Les Présences imparfaites n’est pas tant un roman féministe qu’un roman de la virilité défaite. Je crois que Marc incarne un rapport spécifiquement masculin à l’existence, avec un certain égoïsme, une envie de briller et surtout de se jucher au-dessus de Claire, sa compagne tout au long des années 1990. Ils finiront d’ailleurs par se séparer, et cet événement hantera tout le reste du roman. Cet homme qui traverse l’époque et le monde en restant cloîtré en lui-même a ainsi pour miroir des personnages féminins plus forts que lui, en particulier sa sœur, qui gérera les affaires familiales, et cette Claire dont la présence travaille toute la trajectoire du récit. J’ai construit ces personnages avec une attention particulière, car les dépeindre en femmes puissantes aurait été une autre manière de rester dans un schéma obsolète – l’envers d’un cliché produit un autre cliché. J’ai donc tenté de leur donner une complexité et des failles dans leur manière d’être et de s’aimer, mais en leur instillant une force dont Marc est dépourvu. Une force qui les situe plus près de l’étincelle de la vie ainsi que des autres, ce qui leur confère une capacité de dépassement que lui ne possède pas.
La temporalité du roman traverse successivement les années 1970, 1980, 1990, 2000 et 2010. Qu’avez-vous voulu saisir en inscrivant votre récit à la charnière de deux siècles intranquilles ?
De deux siècles, ou de deux millénaires.
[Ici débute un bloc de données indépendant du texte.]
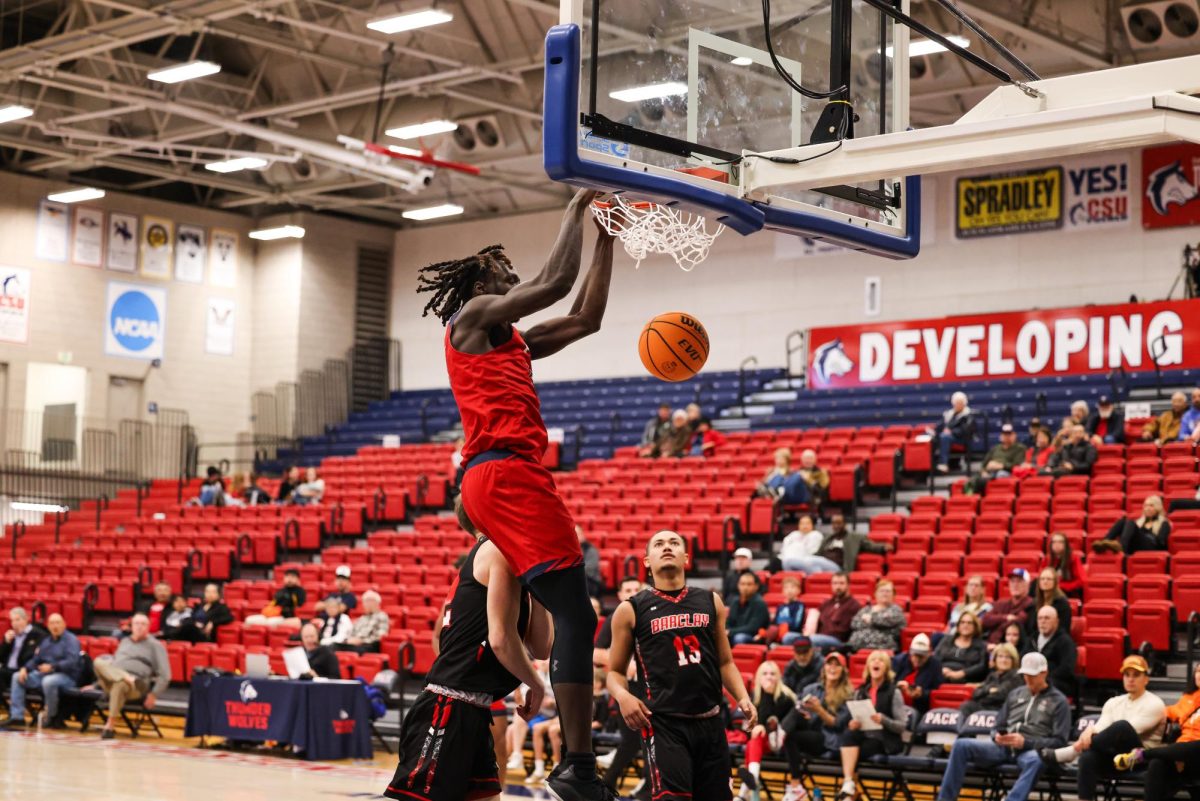 CSU Pueblo's, Victor Lado, dunks in game against Barclay College, helping the Pack win 109-50. (Photo by Ashlyn Drury)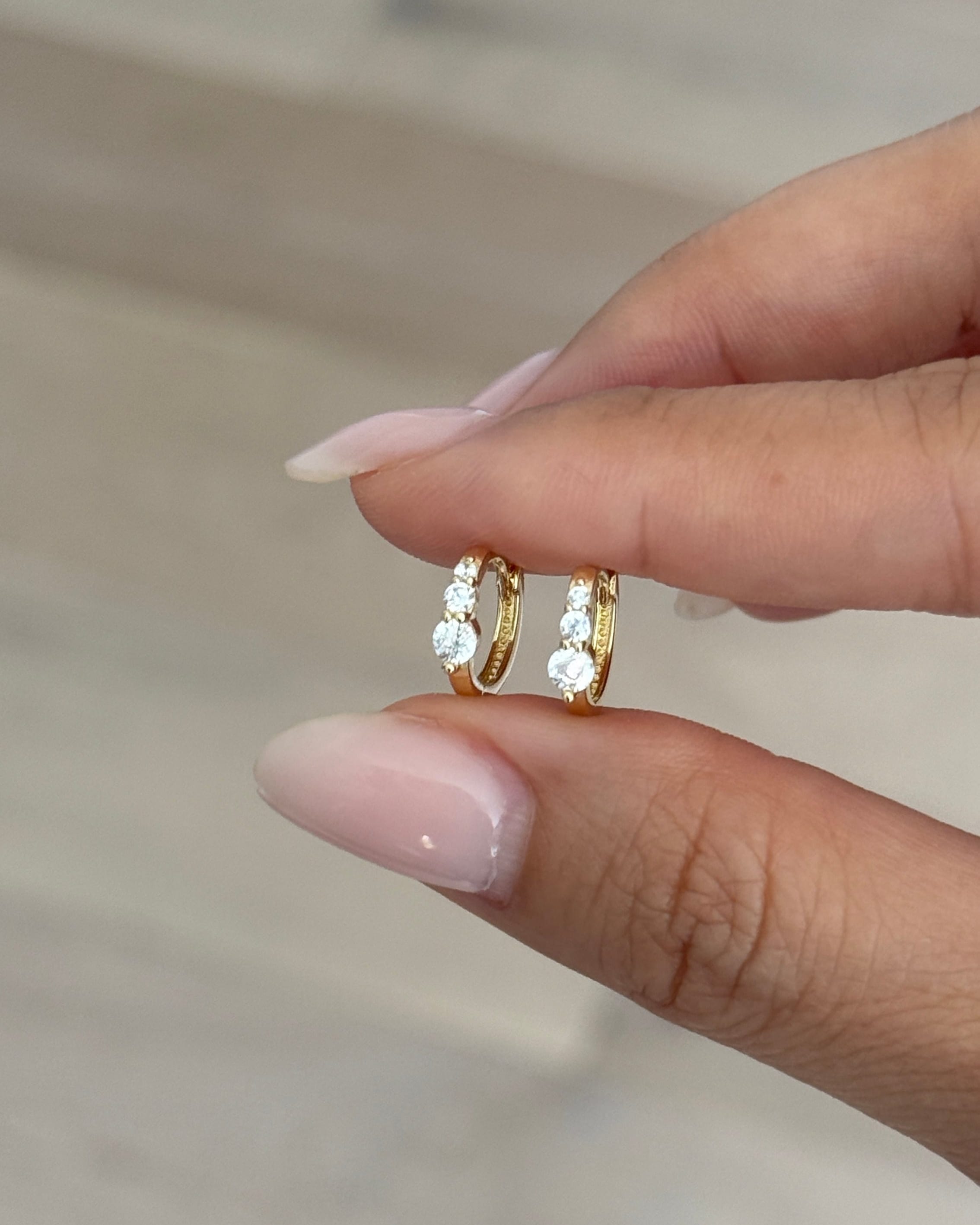 LE sensor earrings Lumen Graduated CZ Huggie Earrings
Peu de générations ont l’occasion de vivre un tel passage, et seuls les vivants d’aujourd’hui auront vécu cette bascule à la fois temporelle et touchant à nos manières d’être – ne serait-ce que par les basculements technologiques à l’œuvre, qui ont bouleversé les rapports sociaux. Dans ce livre, je tente de capter l’esprit d’un temps, et en particulier du passage de l’an 2000, qui date d’hier mais semble déjà lointain. En évoquant l’enthousiasme niais des débuts d’Internet, le mouvement musical de l’Eurodance ou encore le passage à l’euro, j’ai essayé de cerner ce moment où un futurisme festif laisse place à l’inquiétude, au pressentiment largement partagé d’une catastrophe à venir. De la sorte, j’ai tenté de faire entrer en résonance deux attentes, celle de Marc et celle de notre époque. En miroir au genre de la science-fiction post-apocalyptique, je situe Les Présences imparfaites comme un roman pré-apocalyptique.
Au Figaro , Marc Pépin a connu les années fastes et la crise qui leur a succédé. Le fait de narrer ses failles et ses imperfections relève-t-il d’une sorte de deuil de la littérature ? Autrement dit, ce roman peut-il se lire comme une méditation sur l’impossibilité de faire de l’écriture sa principale occupation, le centre de sa vie ?
Sur l’éternel débat consistant à savoir s’il faut conférer à la littérature le pouvoir de sauver le monde, Marc répond que l’écriture pourra lui permettre de réussir son échec. Cet échec, posé dès le début du roman et qui est le point de départ de sa confession, est irrémédiable. En déroulant à nouveau le fil de sa vie, l’introspection lui permet non pas de racheter son existence, mais de la retraverser grâce au langage – et ainsi de la revivre un peu. L’écriture n’aura donc pas été la principale occupation de sa vie, au sens où elle n’était pas réellement une vocation, mais elle apparaît comme un secours face à l’abîme, au suicide possible. Elle recouvre en quelque sorte tous les événements, heureux comme malheureux, brillants comme honteux, avec des mots. En affirmant d’emblée que cette confession n’a pas vocation à être publiée mais en la réalisant tout de même, Marc recherche donc un rapport de vérité avec l’écriture, le seul peut-être qu’il ait jamais eu. En ce sens, s’il y a un « deuil de la littérature » comme espace social et collectif, son geste même témoigne d’une foi dans le verbe. Comme un ultime pari que, si disparaît sa vie, il demeure au moins sa voix.